People want a Poodle... they really do.

But the Poodle has been allowed to become a caricature. A very feminine caricature. If Poodles were thought of as a normal, everyday, family dog, there would be no 'oodles'.


----------



## Mufar42 (Jan 1, 2017)

Country boy..maybe so..everyone refers to my boy as a she is so cute! They should see him playing ball in the backyard!


----------



## Dogs4Life (May 27, 2018)

I think a lot of people get suckered in by how cute these mixes are as puppies but it's rare for them to grow up to become beautiful adult dogs. And the unpredictable behavior...I can't even imagine how high strung a poodle/border collie mix would be. People don't think about that stuff when they see a cute fluffy puppy.


----------



## MaizieFrosty (Apr 12, 2019)

Earlier this year I met a Poodle/Australian shepherd mix. OMG, it was the craziest dog I've ever seen in my life. Doodles truly get the worst from each breed that makes them. Purebred poodles and some purebred Aussies are awesome dogs. But put them together and whoa, not desirable or attractive in the slightest!


----------



## Michigan Gal (Jun 4, 2019)

A friend of mine's daughter got a woodle. Wheaten terrier X standard poodle. Know anything about wheaten terrier's? High strung, dominant, terriers bred to hunt prey that fights back. Difficult dog and not generally thought of as a family dog. Guess which personality? Mostly wheaten with a little playful poodle. Very difficult dog, but I don't think he is dangerous.


----------



## Skylar (Jul 29, 2016)

Someone in our area is breeding bernadoodles. One of Babykins best friend is a Bernese mountain dog. They are huge with a heavy bone structure and a very sweet docile quiet nature. Their job was to plod along all day pulling the milk carts to deliver milk. 

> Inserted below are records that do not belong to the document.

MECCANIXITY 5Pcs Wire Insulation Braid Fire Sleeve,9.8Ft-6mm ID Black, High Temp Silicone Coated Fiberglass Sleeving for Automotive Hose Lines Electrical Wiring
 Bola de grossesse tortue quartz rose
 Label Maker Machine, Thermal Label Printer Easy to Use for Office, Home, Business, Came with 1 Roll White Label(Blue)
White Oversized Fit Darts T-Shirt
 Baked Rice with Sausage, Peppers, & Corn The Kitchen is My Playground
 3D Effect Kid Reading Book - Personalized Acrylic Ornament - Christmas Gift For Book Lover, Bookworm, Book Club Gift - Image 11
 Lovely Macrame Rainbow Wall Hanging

This greeder is mixing a minipoo with a Bernese. Can’t think of anything nice to say about this. Of course no testing of parents for things like hip dysplasia although I don’t know if testing for that makes any difference with such disparate breeds.


----------



## Dogs4Life (May 27, 2018)

Skylar said:


> Someone in our area is breeding bernadoodles. One of Babykins best friend is a Bernese mountain dog. They are huge with a heavy bone structure and a very sweet docile quiet nature. Their job was to plod along all day pulling the milk carts to deliver milk.
> 
> This greeder is mixing a minipoo with a Bernese. Can’t think of anything nice to say about this. Of course no testing of parents for things like hip dysplasia although I don’t know if testing for that makes any difference with such disparate breeds.


I am guessing the mother is the Bernese?? A mini wouldn't survive the size of those pups! That's really disgusting.


----------



## Skylar (Jul 29, 2016)

I certainly hope the father is the mini.


----------



## Quossum (Mar 18, 2011)

Countryboy said:


> People want a Poodle... they really do.
> 
> But the Poodle has been allowed to become a caricature. A very feminine caricature. If Poodles were thought of as a normal, everyday, family dog, there would be no 'oodles'.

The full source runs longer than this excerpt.